INFORMATION SHOWN:
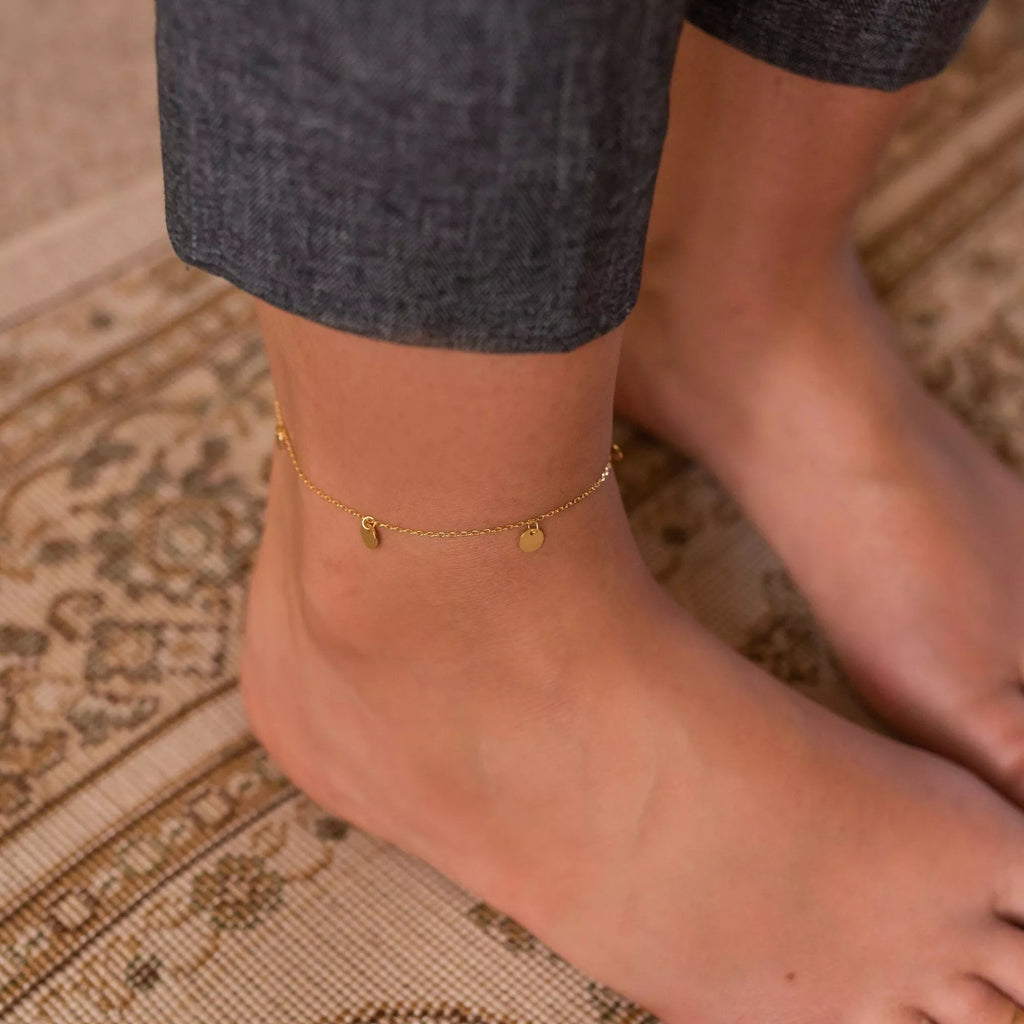 Delicate 14K Gold Coin Anklet - Anklets - Elk & Bloom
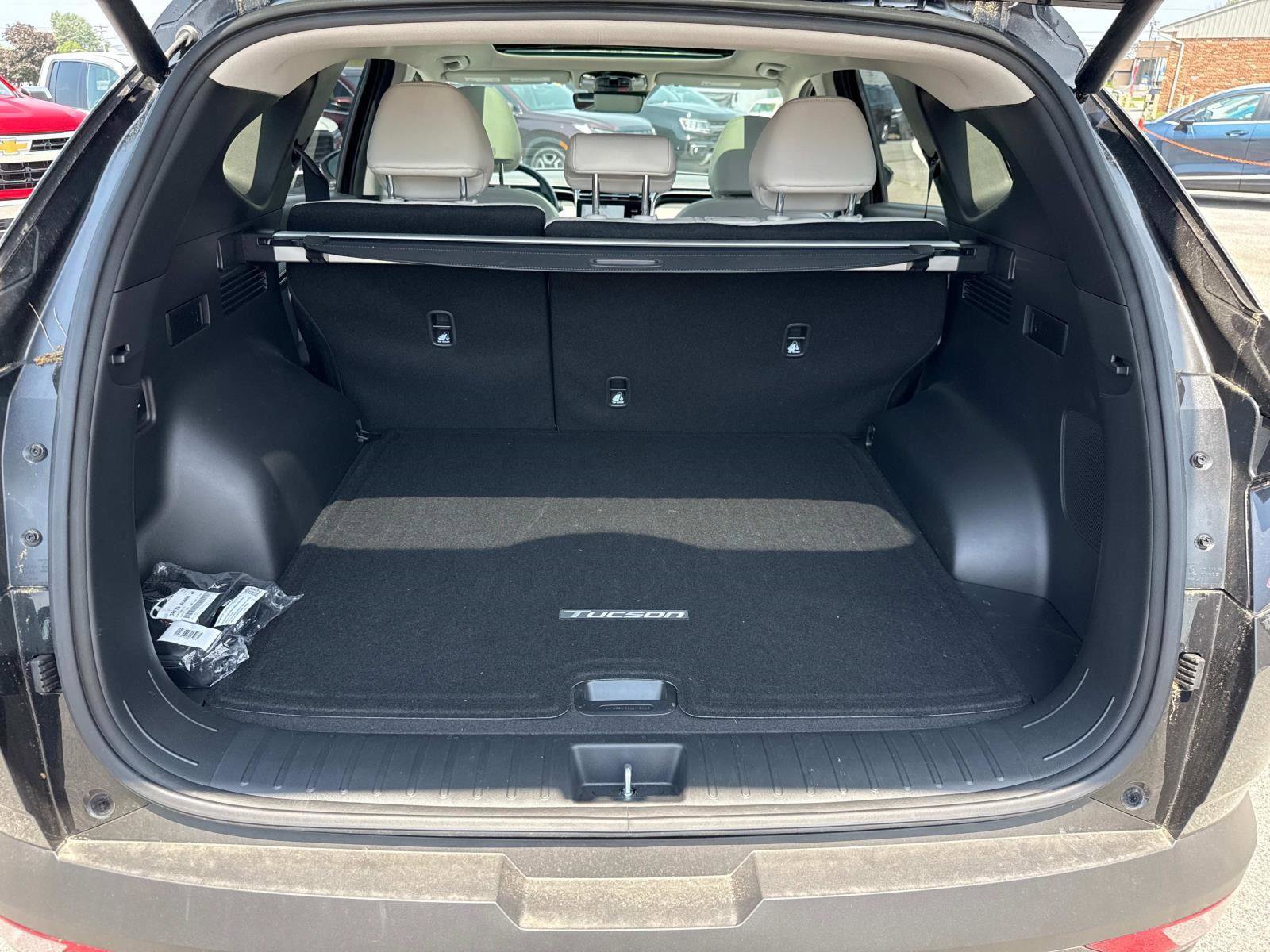Used 2024 Hyundai Tucson Limited image 21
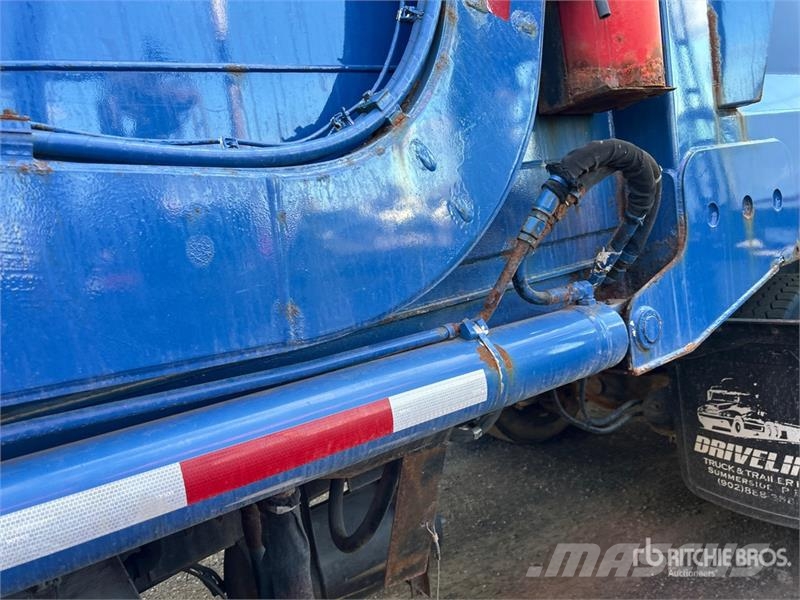 Mack MRU613 Komunalni tovornjaki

PROBLEM DETAILS:
Without the images, print all of the lines above exactly.

EXERCISE RESULT:
 Delicate 14K Gold Coin Anklet - Anklets - Elk & Bloom
Used 2024 Hyundai Tucson Limited image 21
 Mack MRU613 Komunalni tovornjaki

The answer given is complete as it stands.